For the study, the council surveyed 177 universities  and found that total enrollment of international graduate students grew by 1 percent in 2006, a change from the 3 percent decline in the prior year. Slightly more than half of the foreign graduates came from three countries: China, India and South Korea. About 73 percent of foreign students are enrolled in programs for business, engineering, social science, physical sciences and life sciences. Engineering and business showed the largest matriculation gains this year (22 percent and 10 percent, respectively).
Trends in Foreign Graduate Enrollments
|New Enrollment, 2004 -5||New Enrollment, 2005 -6||Total Enrolled, 2004-5||Total Enrolled, 2005 -6|
|Country of origin|
|Humanities and Arts||-2%||-6%||1%||-7%|
“This report pretty much speaks for us as well,” said Dick Wheeler, dean of the Graduate College at the University of Illinois at Urbana-Champaign, who said the figures mirror numbers at his university. Wheeler said that the quantities of graduate students enrolling from India and the Middle East have stayed pretty much the same as last year, but that there has been a surge in students from China who are majoring in engineering.
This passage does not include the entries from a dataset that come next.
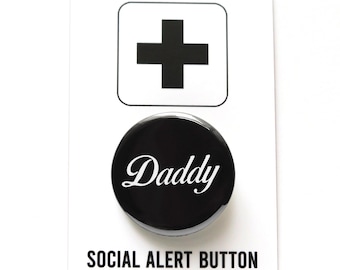 DADDY Queer Pinback Button LGBTQ Pride Gift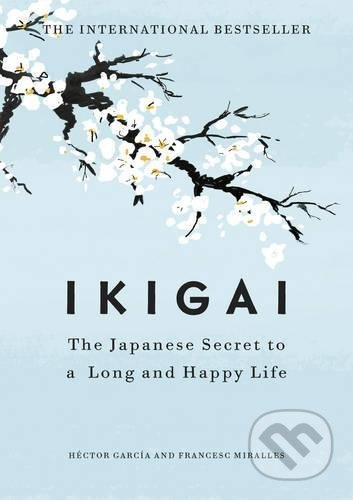 Ikigai (The Japanese secret to a long and happy life) - kniha z kategorie Humanitní a společenské vědy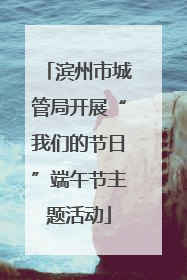 滨州市城管局开展“我们的节日”端午节主题活动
The number of new foreign graduate students in engineering jumped from 151 last year to 207 this year, increasing the total enrollment of foreign students in engineering from 850 to 908. ( This corrects information in an earlier version of the article.)
Wheeler said that his institution did make attempts to smooth the way for foreign graduates by creating friendlier Web sites and making applications easier to fill out. But he doubts if this really had much of an effect. He suspects that the driving forces for the increases are the federal changes to ease visa problems, along with global trends, such as the large number of Chinese undergraduates.
“I was in China last November for the first time and went to a recruiting event in Beijing,” he said. “There were 12 universities there and there were long lines for each university.” Wheeler adds that the University of Illinois has always had strong representation from Chinese graduate students and that informal ties back to universities in China attracts students to the university.
“A lot of our effort is involved in protecting our base and making this a comfortable base for graduate students,” he said.
At the University of Washington, Suzanne Ortega, vice provost and graduate dean, said that her institution experienced a rebound last year. She believes that two factors caused this earlier recovery: the university is closer to Asia than states on the East coast are and began recruiting aggressively in China and Southeast Asia a few years ago. “We have a flatter picture this year,” she said of Washington's growth in foreign graduates.
Still, Ortega said that the university's foreign graduate enrollment has not rebounded completely and is down 2 percent from pre-9/11 numbers. Today, 15 percent of the graduate students at Washington are foreign born.
“The real worry for [the U.S.] is not the total number but the quality of the students,” said Philip Altbach , director of Center for International Higher Education at Boston College.
Ortega agreed with this assessment but added that it is impossible to accurately measure any change in the quality of graduate students over time. Grade point averages cannot be fairly compared and standard scores have not changed at her university, she said.
Wheeler said that the overall feeling is that the crisis has now passed, but Stewart cautioned that there are many more problems that need to be fixed.